Give back every record word for word, but keep the pictures out.

§ **Data for analysis**
===============

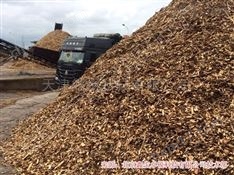 檢測生物質顆粒燃料熱值大卡用什么儀器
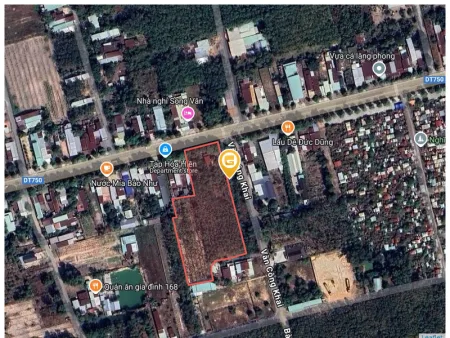 Bất động sản tại Bình Dương - ảnh 1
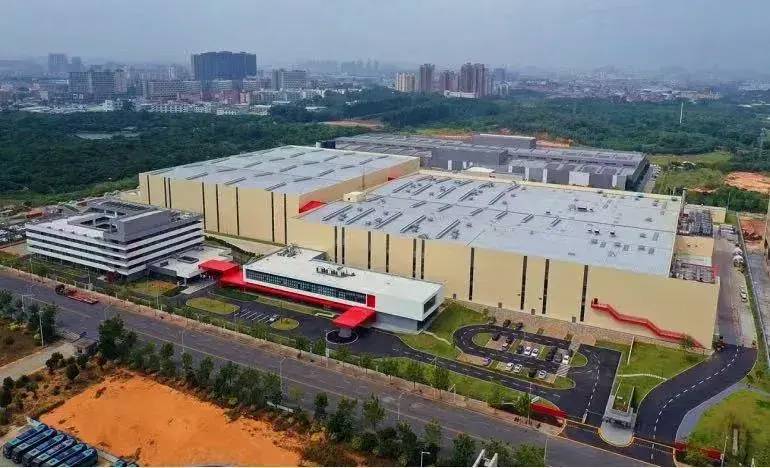 为什么要下架维他奶？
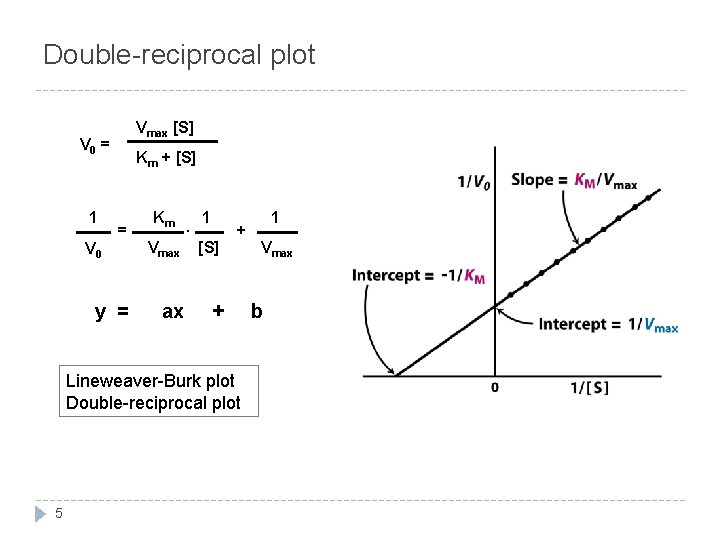 Double-reciprocal plot Vmax [S] V 0 = 1 V 0 Km + [S] =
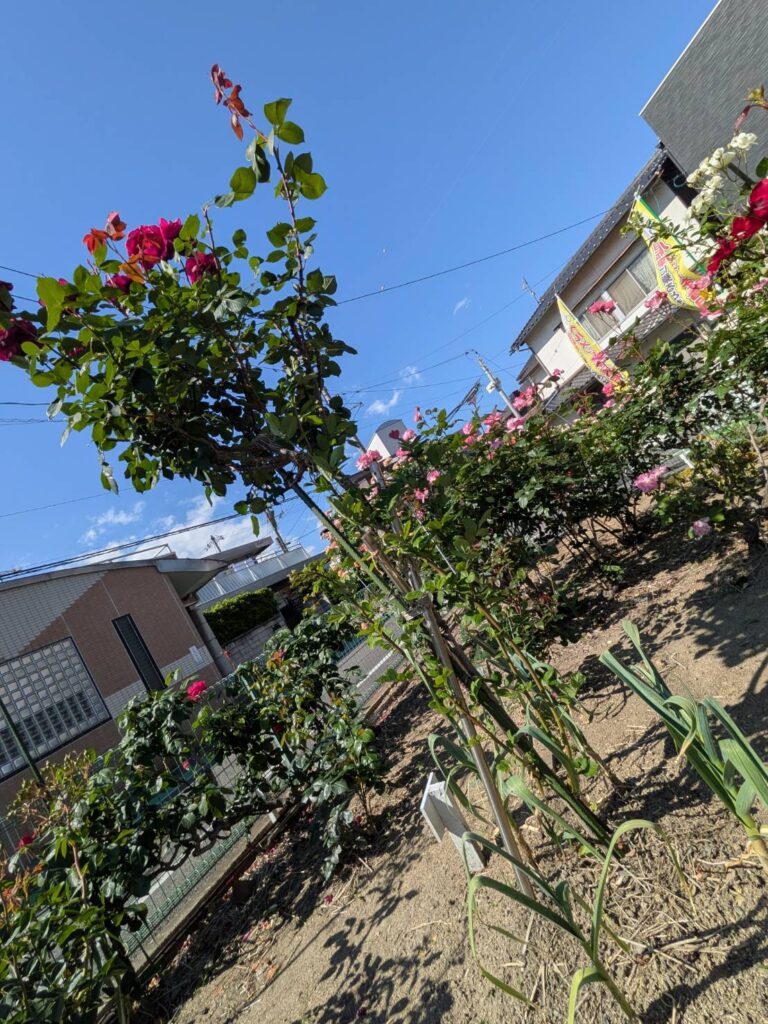 むつみ会さばら花壇コンクールの審査2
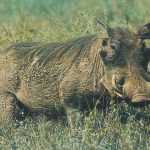 خنزير تعرف على أنواع الخنازير وحياتها صور ميكس 22
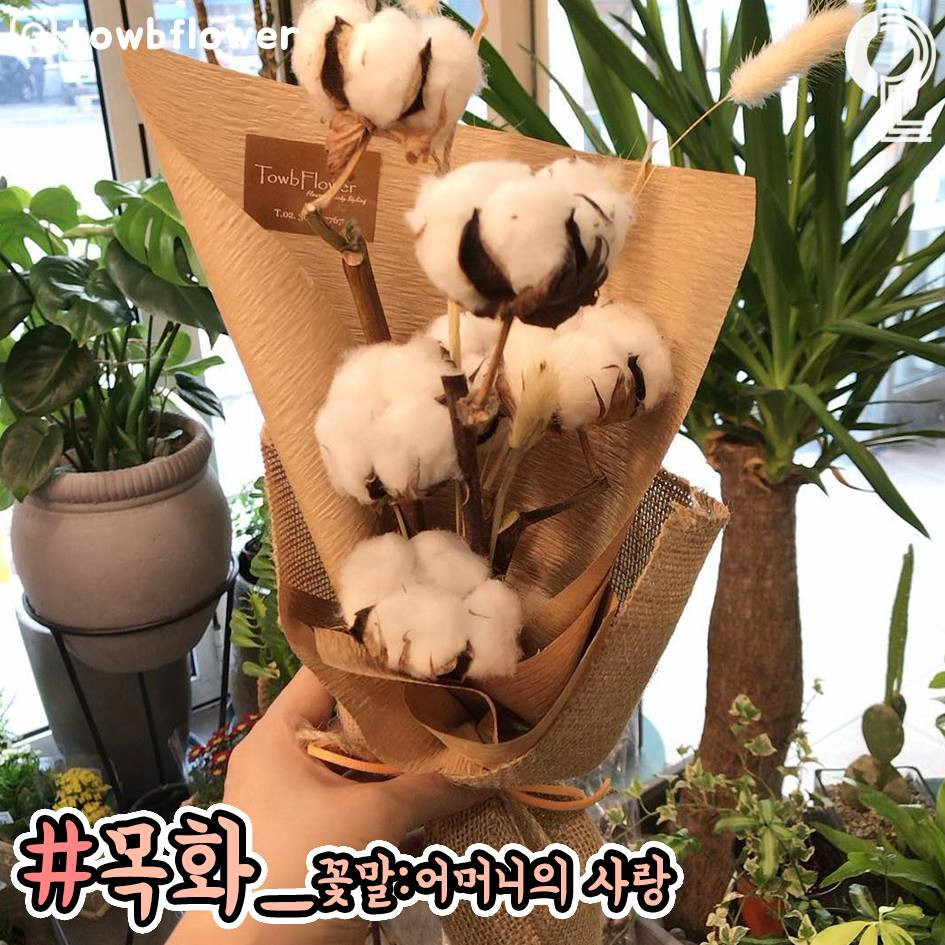 50243795_2131387240298667_6588817914709671936_n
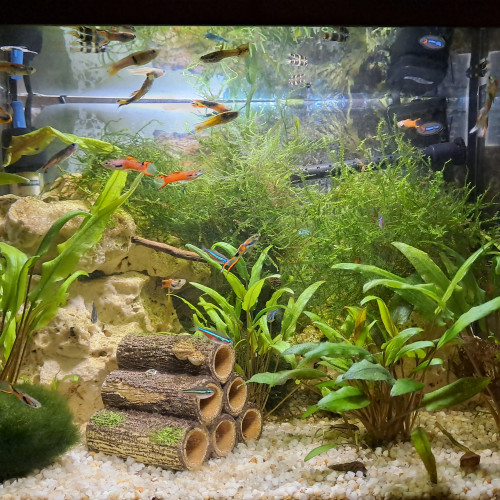 Lot de guppy endler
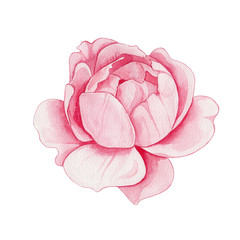 Watercolor illustration of a single pink peony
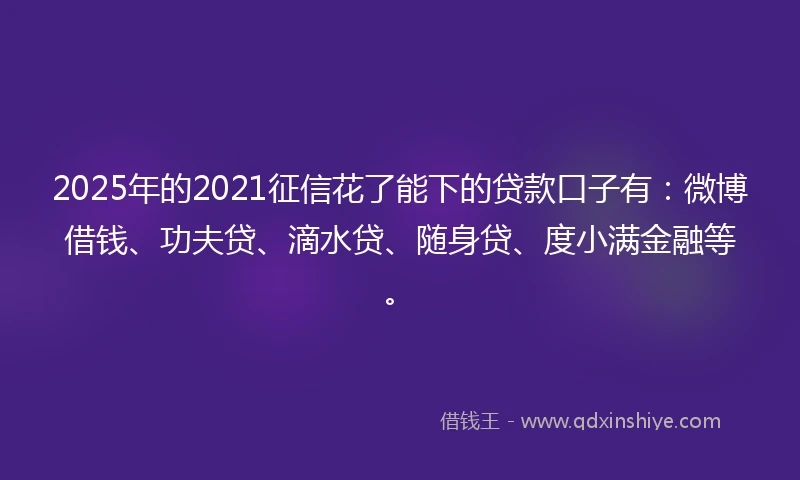 2025年的2021征信花了能下的贷款口子有：微博借钱、功夫贷、滴水贷、随身贷、度小满金融等。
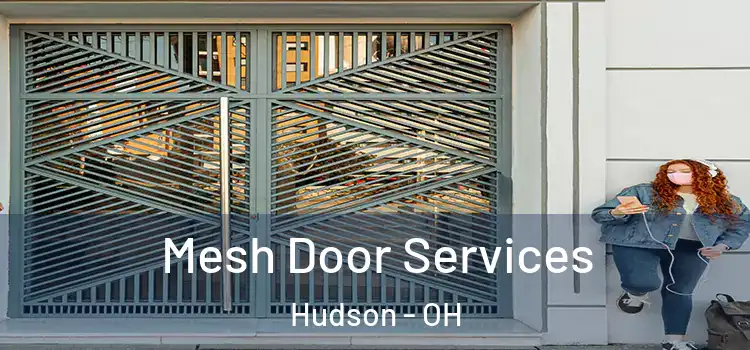 Mesh Door Services Hudson - OH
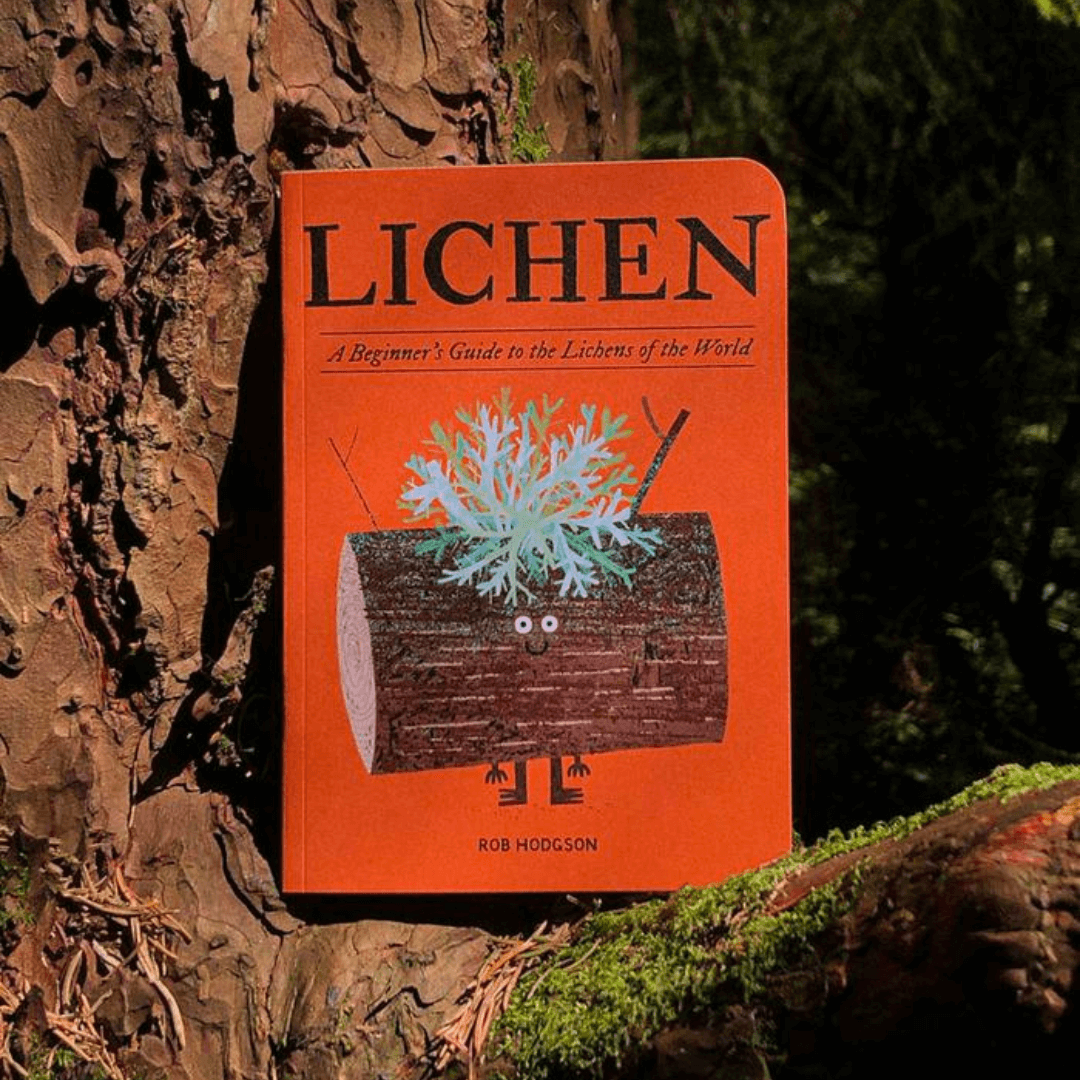 Lichen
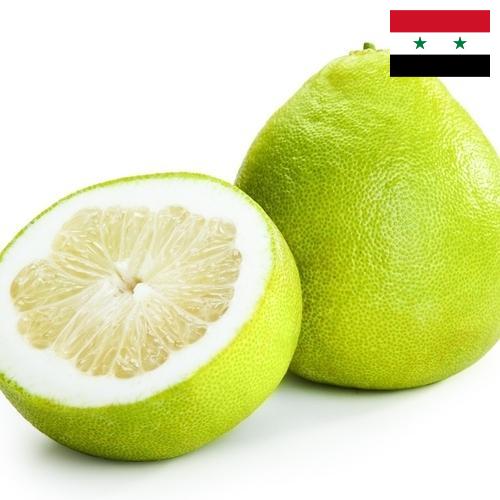 Помело из Сирийской Арабской Республики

===============

§ **Answer to this problem**
 檢測生物質顆粒燃料熱值大卡用什么儀器
 Bất động sản tại Bình Dương - ảnh 1
 为什么要下架维他奶？
 Double-reciprocal plot Vmax [S] V 0 = 1 V 0 Km + [S] =
 むつみ会さばら花壇コンクールの審査2
 خنزير تعرف على أنواع الخنازير وحياتها صور ميكس 22
 50243795_2131387240298667_6588817914709671936_n
 Lot de guppy endler
 Watercolor illustration of a single pink peony
 2025年的2021征信花了能下的贷款口子有：微博借钱、功夫贷、滴水贷、随身贷、度小满金融等。
 Mesh Door Services Hudson - OH
 Lichen
 Помело из Сирийской Арабской Республики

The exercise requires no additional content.